Considerações sobre a conjuntura política pós-eleições

Estas considerações foram apresentadas durante debate ocorrido no XVI Encontro Nacional da ANPOF (Associação Nacional de Pós-Graduação em Filosofia), no dia 28/10/2014.
Em primeiro lugar, gostaria de considerar que, independentemente do resultado das últimas eleições presidenciais no Brasil, o país deu mostras, mais uma vez, de maturidade democrática. Mais uma vez porque, desde que a democracia foi reinstaurada, de maneira inicialmente incompleta, com a eleição indireta de Tancredo Neves e, após sua morte antes de tomar posse, a efetivação no cargo de seu vice, José Sarney, líder durante muito tempo da Arena, o partido governista durante a ditadura, passando pela eleição direta do primeiro presidente civil após o golpe – Fernando Collor de Mello – e seu impeachment, com a posse de seu vice, Itamar Franco, tudo isso se deu dentro da ordem legal e democrática. O país tem demonstrado, assim, nos últimos 30 anos, firme compromisso com a democracia.

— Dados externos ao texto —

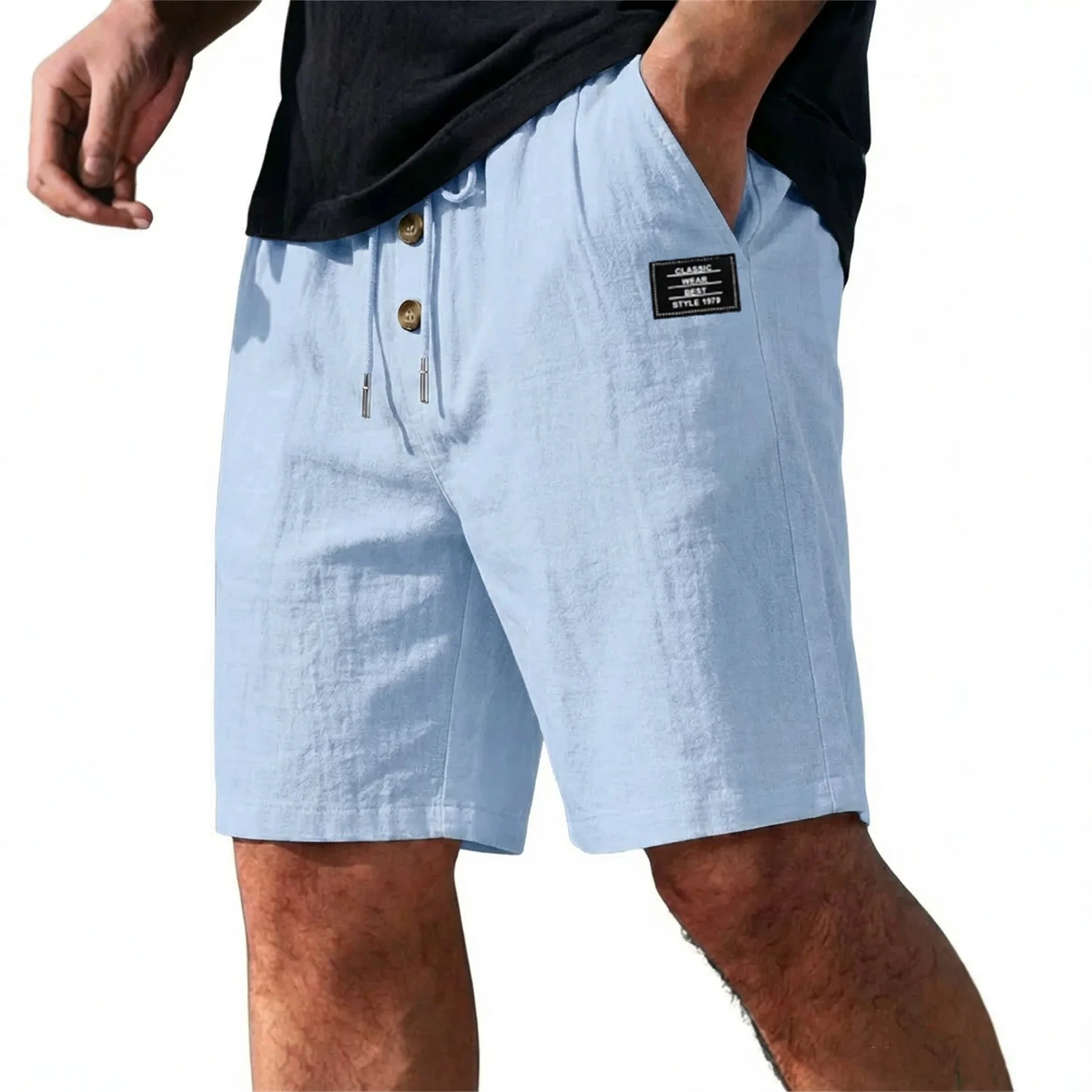 New Men's Cotton Linen Shorts Pants Male Summer Breathable Solid Color Linen Trousers Beach Shorts Fitness Streetwear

Em suma, minha posição é que as últimas eleições, de outubro deste ano, demonstraram esse compromisso da nação, como um todo, com a manutenção das regras do jogo democrático. É verdade que houve exaltação, de parte a parte dos militantes ou simpatizantes dos dois principais partidos que chegaram ao segundo turno.
Este momento é de passar por cima das diferenças, numa espécie de “overlapping consensus” (“consenso por sobreposição”), na expressão de John Rawls. É hora de olhar propositivamente para o que deve ser feito.
Isto não significa que governo e oposição trabalharão juntos, de mãos dadas, como deu a entender Marina Silva em determinado momento da campanha, no primeiro turno. Significa que, cada um em seu papel, oposição e governo procurarão enfrentar os problemas que realmente existem: pequeno ou quase nulo crescimento econômico do país – o pior entre os BRICS -, a inflação, ainda pequena, mas preocupante, o déficit do balanço comercial, o superendividamento de parcela expressiva da população, leve aumento do desemprego, principalmente entre jovens, para citar apenas alguns pontos.
Por seu lado, a oposição deve focar nesses pontos, de maneira específica, clara, articulada, e cobrar o governo para que repense seu modelo econômico de modo a fazer face a esses problemas. E exigir a apuração das denúncias de corrupção, especialmente envolvendo a Petrobrás. Não se pode perder esse patrimônio: a Petrobrás, em 2013, era a companhia mais endividada do mundo, considerando seu faturamento. É preciso recuperá-la.
Por outro lado, o governo deve rever sua estratégia de crescimento, ainda que acoplada a seus propalados – e efetivos, também – objetivos sociais, a fim de gerar um “desenvolvimento sustentável”, não só do ponto de vista ambiental – grande ausente do discurso dos dois principais candidatos que chegaram ao segundo turno, mas central na plataforma da candidata derrotada Marina Silva -, como também social. É preciso atender à dupla necessidade de diminuição da pobreza – neste ponto, o país avançou bastante; a meta, agora, é combater a pobreza moderada – e um desenvolvimento que leve em conta a vida das futuras gerações, e não me refiro apenas à espécie humana, mas de todas as espécies com as quais convivemos.
Por fim, não se trata de propor panaceias, mas de se partir da realidade visando ampliar e consolidar conquistas, que foram muitas, aplicando o que John Rawls chamava de “realismo utópico”: trata-se de estender as condições do realisticamente possível.